## GOAL OF THE EXERCISE:
In the records below, find the line with "Sea Turtles Rug" and repeat exactly every line from it through the line with "2005 Playoff Absolute". Pictures stay out.

## THE INPUT:

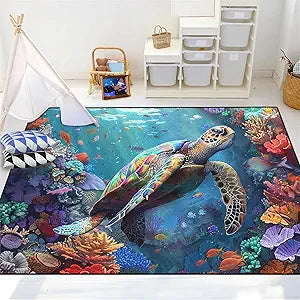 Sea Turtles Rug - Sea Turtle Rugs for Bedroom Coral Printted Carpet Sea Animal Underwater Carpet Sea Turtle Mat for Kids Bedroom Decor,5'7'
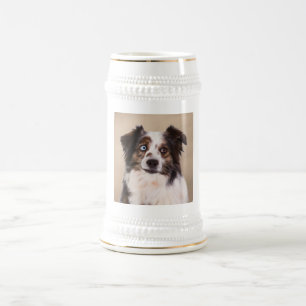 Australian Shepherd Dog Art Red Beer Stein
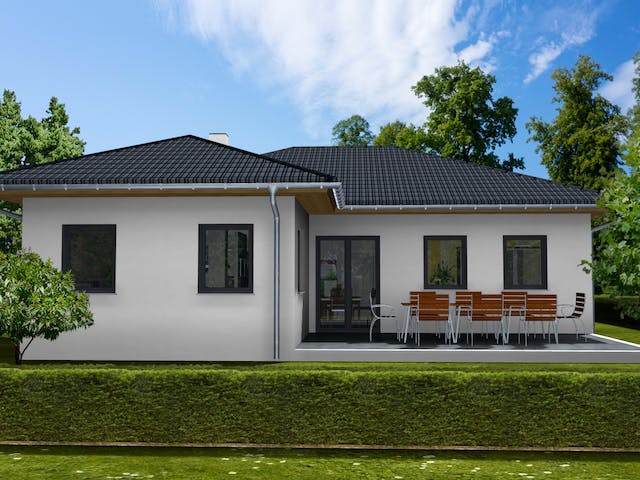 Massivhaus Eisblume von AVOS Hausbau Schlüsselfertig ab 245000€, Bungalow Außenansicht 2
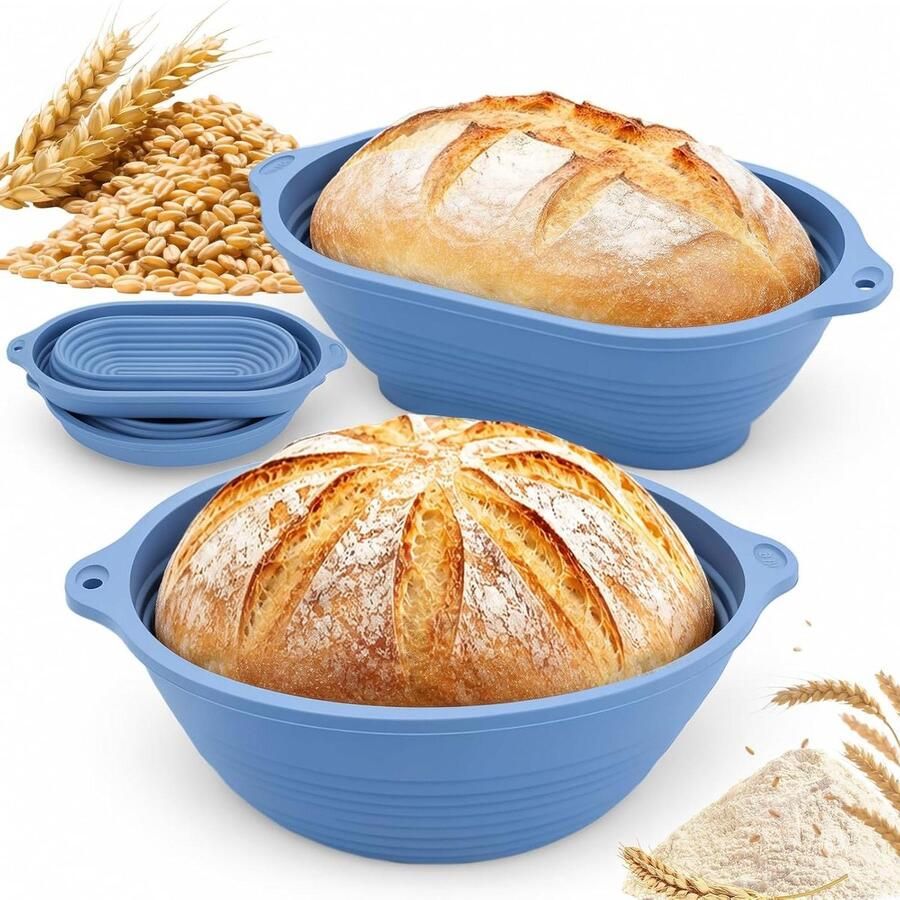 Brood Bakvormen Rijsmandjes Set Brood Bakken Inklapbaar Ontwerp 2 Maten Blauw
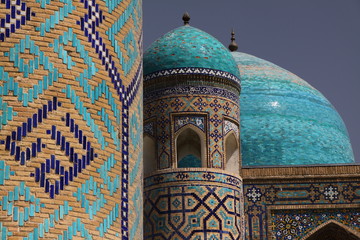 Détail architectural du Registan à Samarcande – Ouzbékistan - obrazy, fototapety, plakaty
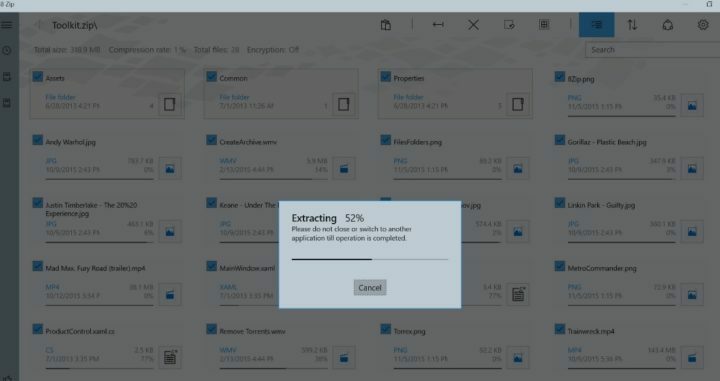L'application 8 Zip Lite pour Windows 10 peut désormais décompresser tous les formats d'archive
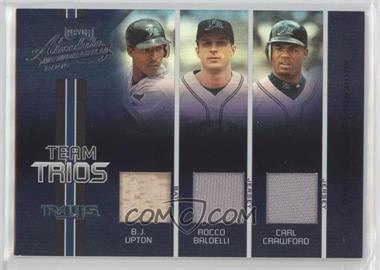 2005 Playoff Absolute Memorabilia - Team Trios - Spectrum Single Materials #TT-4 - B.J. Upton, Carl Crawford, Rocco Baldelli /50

---

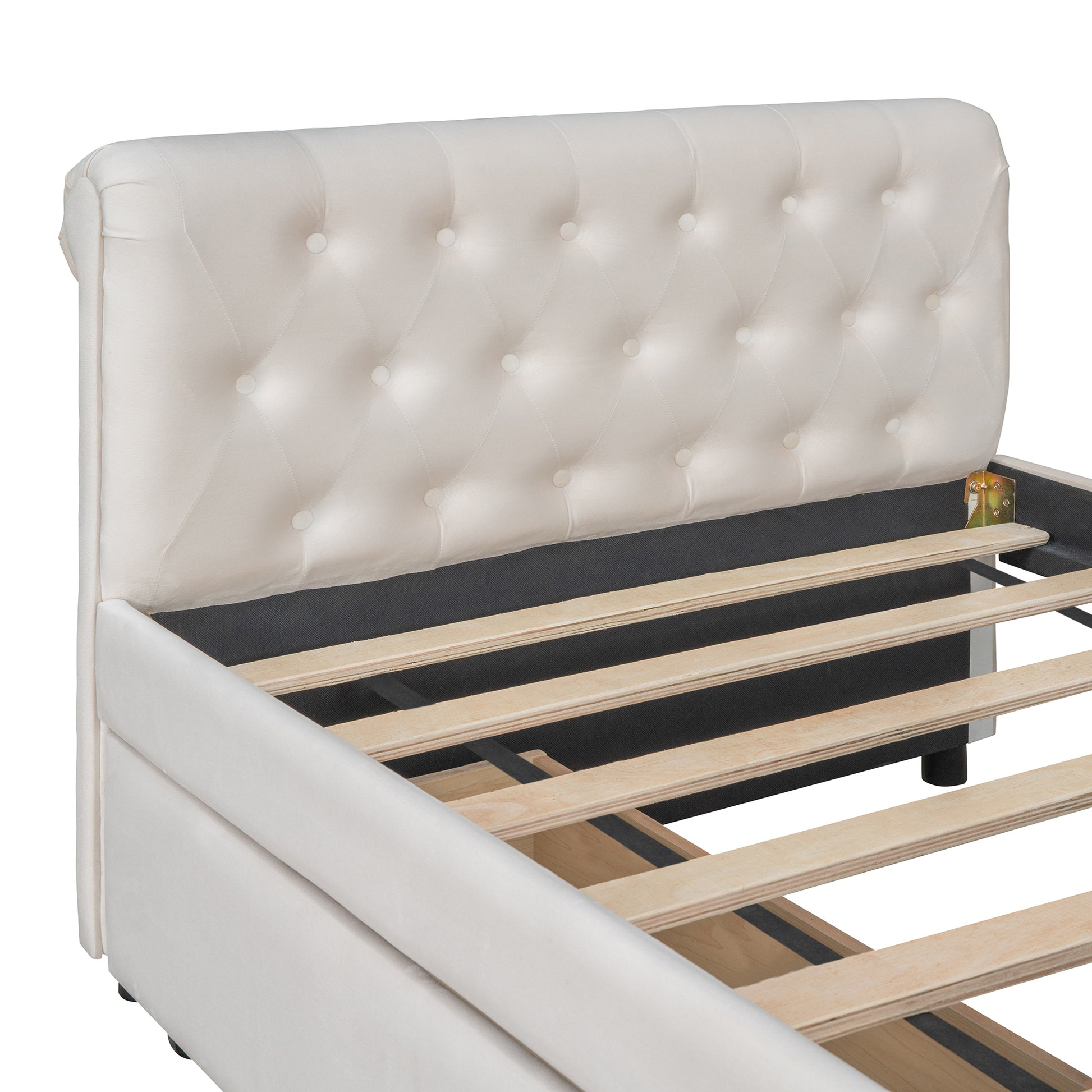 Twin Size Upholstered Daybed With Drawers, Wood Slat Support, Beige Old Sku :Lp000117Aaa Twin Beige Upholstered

## WRITTEN SOLUTION:
 Sea Turtles Rug - Sea Turtle Rugs for Bedroom Coral Printted Carpet Sea Animal Underwater Carpet Sea Turtle Mat for Kids Bedroom Decor,5'7'
 Australian Shepherd Dog Art Red Beer Stein
 Massivhaus Eisblume von AVOS Hausbau Schlüsselfertig ab 245000€, Bungalow Außenansicht 2
 Brood Bakvormen Rijsmandjes Set Brood Bakken Inklapbaar Ontwerp 2 Maten Blauw
 Détail architectural du Registan à Samarcande – Ouzbékistan - obrazy, fototapety, plakaty
L'application 8 Zip Lite pour Windows 10 peut désormais décompresser tous les formats d'archive
 2005 Playoff Absolute Memorabilia - Team Trios - Spectrum Single Materials #TT-4 - B.J. Upton, Carl Crawford, Rocco Baldelli /50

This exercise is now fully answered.